In some embodiments, the example method 1000 may be performed offline. In operation 1002, NPU monitor 902 may collect idle and active history across target workload sets from an NPU monitor history buffer. Collecting idle and active history may include, for example, receiving busy/idle data 720 from NPU cluster 708.

In operation 1004, NPU monitor 902 may post process data. The NPU monitor 902 may utilize a power breakeven formula to determine ‘enter’ and ‘do-not-enter’ data labels. In some embodiments, data pre/post processer 908 may perform the post processing.

In some embodiments, a power breakeven formula may be specified as:

Energy Saved≥Transition In Power+Transition Out Power

where Transition In Power+Transition Out Power may be referred to and/or characterized as a transition energy penalty.

In operation 1006, NPU Monitor 902 may train one or more ML models using the labeled data. For example, any ML or AI training model may be used. Some examples may include DNN, CNN, classification methods, linear regression, and/or random forest techniques, but any model may be used.

In operation 1008, NPU monitor 902 may evaluate the ML model(s). NPU monitor 902 may tune or improve the data until a satisfactory model and prediction accuracy is reached.

FIG. 11 illustrates an example embodiment of a method for utilizing a trained ML model for power gating in accordance with example embodiments of the disclosure. Although the example method 1100 depicts a particular sequence of operations, the sequence may be altered without departing from the scope of the present disclosure. For example, some of the operations depicted may be performed in parallel or in a different sequence that does not materially affect the function of the method 1100. In other embodiments, different components of an example device or system that implements the method 1100 may perform functions at substantially the same time or in a specific sequence. In some embodiments, example method 1100 may be performed online while the system is active.

In some embodiments, at operation 1102, NPU monitor 902 may collect idle and/or active data in activity buffer 912 using time stamps provided from time stamp counter 910. In some embodiments, at operation 1104. NPU monitor 902 may process the idle and/or active data to accommodate one or more ML models loaded into NPU 906 hardware.

In some embodiments, at operation 1106. NPU monitor 902 may predict one or more enter/do not enter power gating decisions using the ML model executing on NPU 906. In some embodiments, at operation 1108, NPU monitor 902 may transmit predictions to system management controller 710 via the I/O to system management controller 904 hardware.

In some embodiments, at operation 1110, the system management controller 710 may utilize predictions from monitor NPU monitor 902 to make decisions to enter/not enter cluster level power gating. For example, when the prediction indicates that the energy saved may be higher than the transition in power+transition out of power energy consumed, the system management controller 710 may send a signal to shut down NPU cluster 708.

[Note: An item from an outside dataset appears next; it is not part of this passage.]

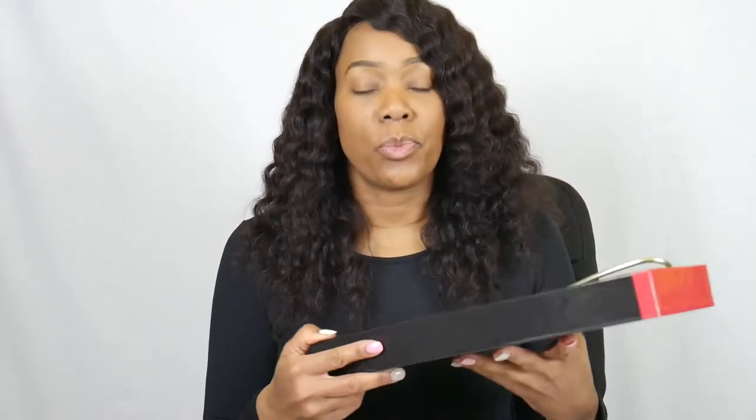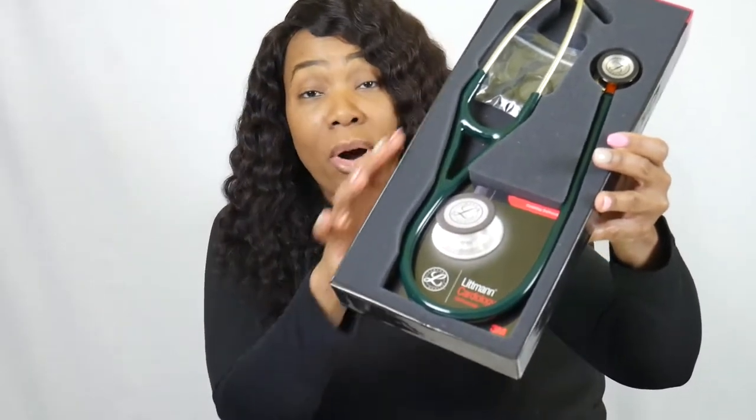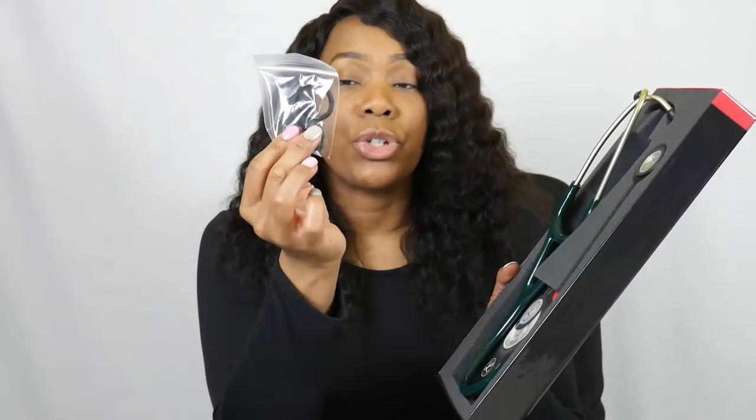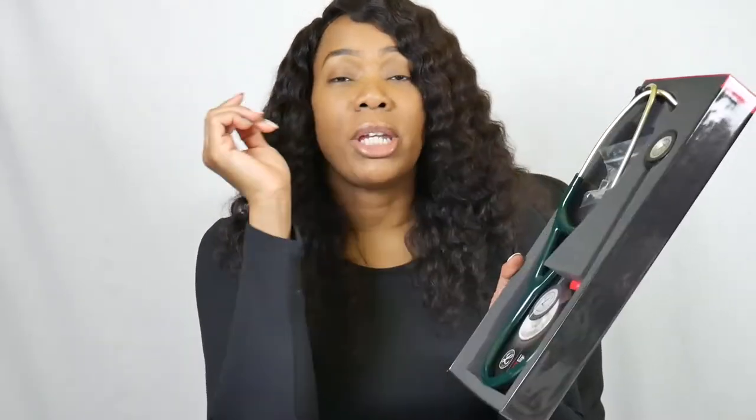This is what the Cardiology 4 looks like in the box. It has a manual — I don't know why they put a manual in there, but that's nice. This is the kit it comes with: two ear tip replacements, the bell, and a pediatric side piece, because the pediatric side can be used as an open bell.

In some embodiments, at operation 1112, the system management controller 710 may coordinate saving the states of the NPU cluster 708 to temporary storage, such as DRAM, and turn off the power gates or LDO 706 supplying power to the NPU cluster 708 cluster when a decision to power gate is made. In some embodiments, at operation at operation 1114, the system management controller 710 may maintain power to the NPU cluster 708 based on a decision to not enter a power gating mode.

FIG. 12 illustrates an example embodiment of a system that may implement power gating system instructions and/or NPU monitor instructions in accordance with example embodiments of the disclosure. The system illustrated in FIG. 12 may include processing circuitry 1202 coupled to a memory 1204, an integrated circuit (IC) and/or system on chip (SoC) 1210, a user interface 1206 (or GUI), and/or a network interface 1212. In some embodiments, the components of the system illustrated in FIG. 12 may be communicatively connected via a system bus 1208. The system bus 1208 may be any type of data or system interconnect or fabric. System Bus 1208 may include interfaces and/or protocols such as Peripheral Component Interconnect Express (PCIe), Nonvolatile Memory Express (NVMe), NVMe-over-fabric (NVMe-oF), Ethernet, Transmission Control Protocol/Internet Protocol (TCP/IP), User Datagram Protocol (UDP), remote direct memory access (RDMA), RDMA over Converged Ethernet (ROCE), FibreChannel, InfiniBand, Serial ATA (SATA), Small Computer Systems Interface (SCSI), Serial Attached SCSI (SAS), iWARP, Hypertext Transfer Protocol (HTTP). Compute Express Link (CXL), and/or the like, or any combination thereof.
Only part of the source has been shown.